Financial regulators are keeping a watchful eye on Australia’s booming housing market but are comfortable with record high home loans being offered
- New lending figures will be released on Friday and may see a further rise to loans
- Loans increased by 5.5 per cent to a record high in March as boom continues
- The strength in lending has gone hand-in-hand with rising house prices
Financial regulators are keeping an eye on Australia’s booming housing market, but at this stage they are comfortable that lending standards have not been relaxed.
New lending figures for April are released on Friday, which potentially will see a further rise in new housing loans after increasing 5.5 per cent to a record high in March, to be a huge 55.3 per cent higher than a year earlier.
The strength in lending has gone hand-in-hand with rising house prices, which nationally stand over 10 per cent higher than a year earlier.
Lending has largely been secured by owner-occupiers, and particularly first home buyers.
The strength in lending has gone hand-in-hand with rising house prices, which nationally stand over 10 per cent higher than a year earlier
However, in Senate hearings this week officials from both the Reserve Bank and the banking watchdog, the Australian Prudential Regulation Authority, made a point of noting the return of investors in recent months.
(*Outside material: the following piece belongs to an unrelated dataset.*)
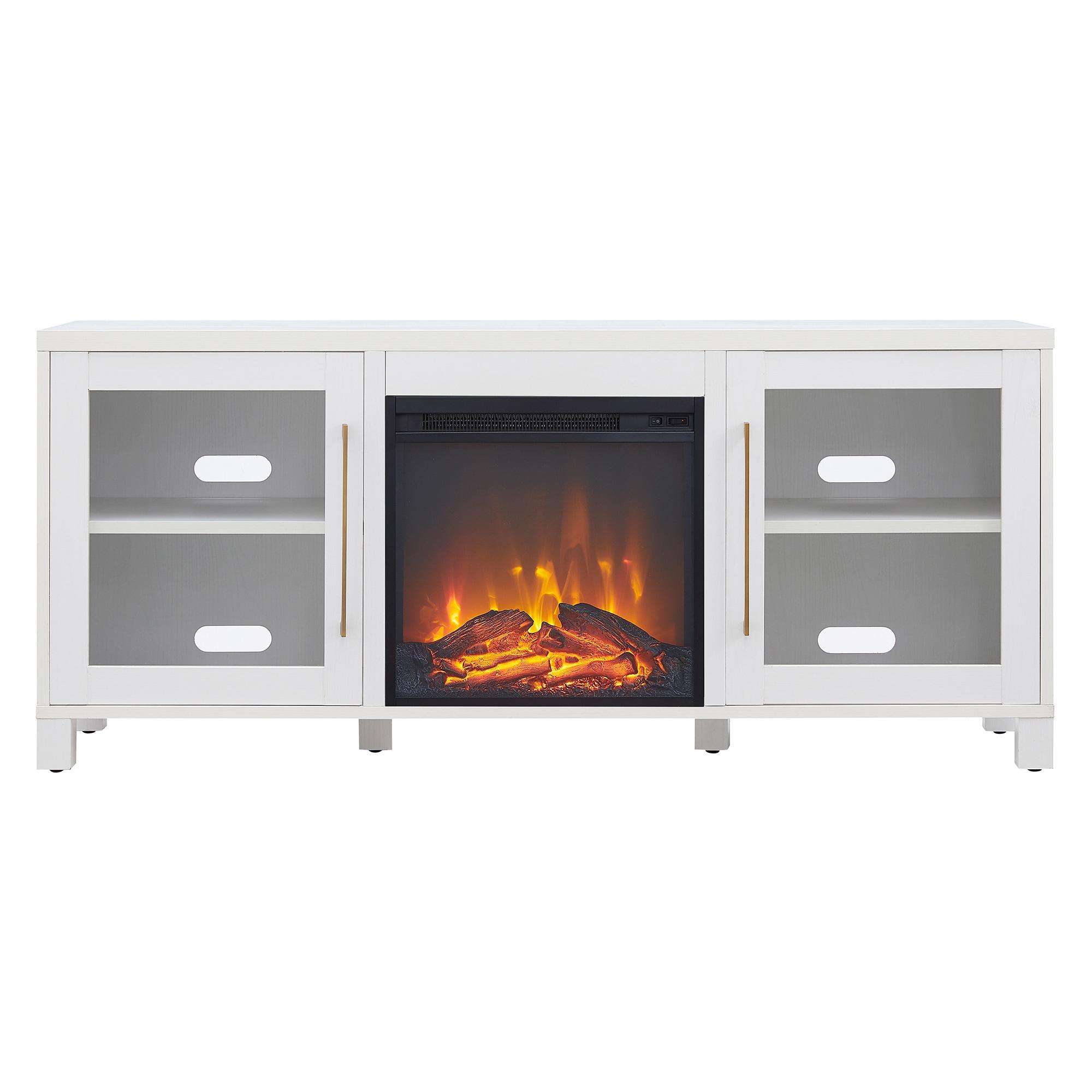 White TV Stand with Log Fireplace Insert - Henn&Hart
Investor home lending jumped 12.7 per cent in March, the largest monthly rise since July 2003.
APRA chairman Wayne Byres reminded senators that the last time the regulator intervened in the market to curb what are seen as riskier loans to investors in 2017, interest-only loans were running at 40 per cent of all loans being granted.
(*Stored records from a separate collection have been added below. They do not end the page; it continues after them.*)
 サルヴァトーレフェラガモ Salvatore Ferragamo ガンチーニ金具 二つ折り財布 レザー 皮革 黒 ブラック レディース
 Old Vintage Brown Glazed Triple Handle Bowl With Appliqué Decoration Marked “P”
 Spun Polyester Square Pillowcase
But that was quickly halved as lending criteria were tightened.
However, he said there is no intention of intervening at the moment, insisting he does not have a threshold where he would step in.
RBA assistant governor Michelle Bullock was also comfortable that lending standards had not been relaxed.
The central bank has repeatedly said it won’t be raising interest rates to cool a heated housing market.
It is sticking to its line that the cash rate won’t be increased from its current record low of 0.1 per cent until 2024 at the earliest.